MST was good. It was wonderful to see everyone from our training group again and hear their successes and challenges both in our formal sessions and just catching up. We did some typical “look back at your 1st year” and “imagine your COS (Close of Service)” exercises that were actually quite helpful. I realized in a more significant way that my strength in teaching is one-on-one, rather than in a classroom situation. I knew that on one level but will try to do more of that during my 2nd year. My biggest success has been little successes with individuals. I’ve been tutoring the two 2nd graders in our host family and Promise can now put all the letters of the alphabet in order and knows the sounds of all but a few. She has also learned to sound out three letter words well and can read several stories in a US 1st grade reader. Her “uncle”, who is less than a year older, has a bit more trouble but he is coming along. I have also been working with one of their cousins, a Grade 6 girl. She can speak English pretty well because her father spent a year or two in the States in graduate school but she could not sound out new words or read well at all. She told me before we left for MST that she had tried to sound out some of the words on her end-of-term English test. I asked her if she could and she said, “Yes, and my teacher told me I was #1 in the class!” I’ve been helping a few Grade 7 non-readers after school and have seen some improvement already.

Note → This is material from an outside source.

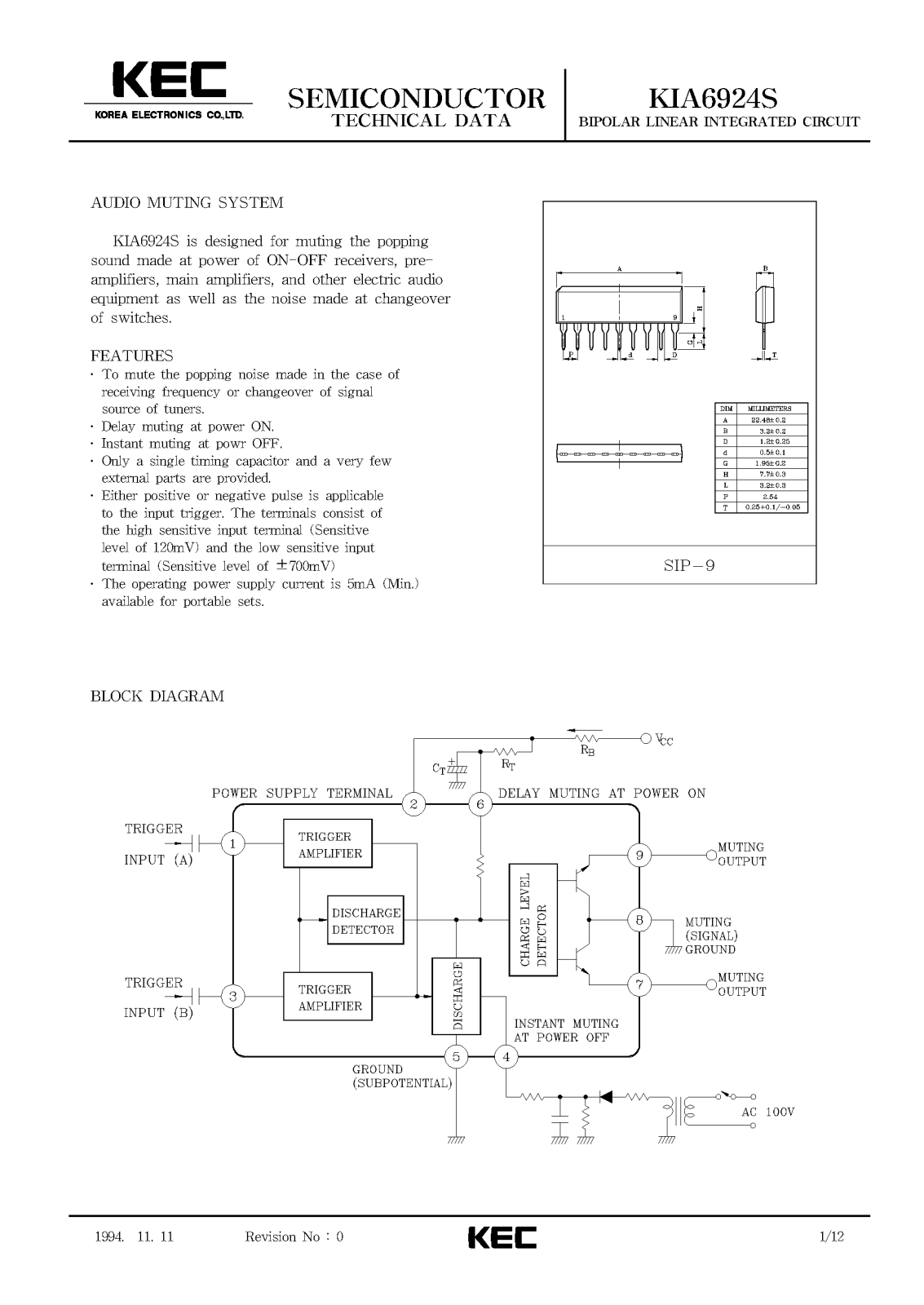 KEC KIA6924S Datasheet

We were told at MST that the 2nd year will go really fast. It’s hard to believe that we have been at our site for a whole year. We don’t get to see the rest of our group as a whole until our COS conference in December but the volunteers have planned a Provincial get together in May so we’ll see some of our friends and some of the PCVs from other groups in our province then. Another thing we realized – if we only have a year left, we only have a few more vacation times. Three weeks in June - We think we want to do a “Zim-Zam-Bot” tour (Zimbabwe, Zambia and Botswana) which would include Victoria Falls. Many PCVs do that and there are several option of how to go about it. We have a week + in October which is too short to go far so we haven’t made plans for that yet. Over the big break next Dec/Jan quite a few of our group are going to Cape Town – a must see before leaving S. Africa. There’s an overnight train which sounds like fun and a plane ride back. But that is all yet to be seen.
Most exciting is that my daughter, Megan, is coming for a 2-week visit in May!!!! And Richard’s daughter, Hannah is coming in June/July.
Here are some recent pictures. A walking stick to show how big some of our insects are. There are really big praying mantises too!
Some of the neighborhood kids who come by “draw”. If they draw pictures and have me write the English words for them, they get a “sweet” (a gum drop). The girl in the back can now write - house, flower, tree, apple, carrot, person and several other words in English by herself.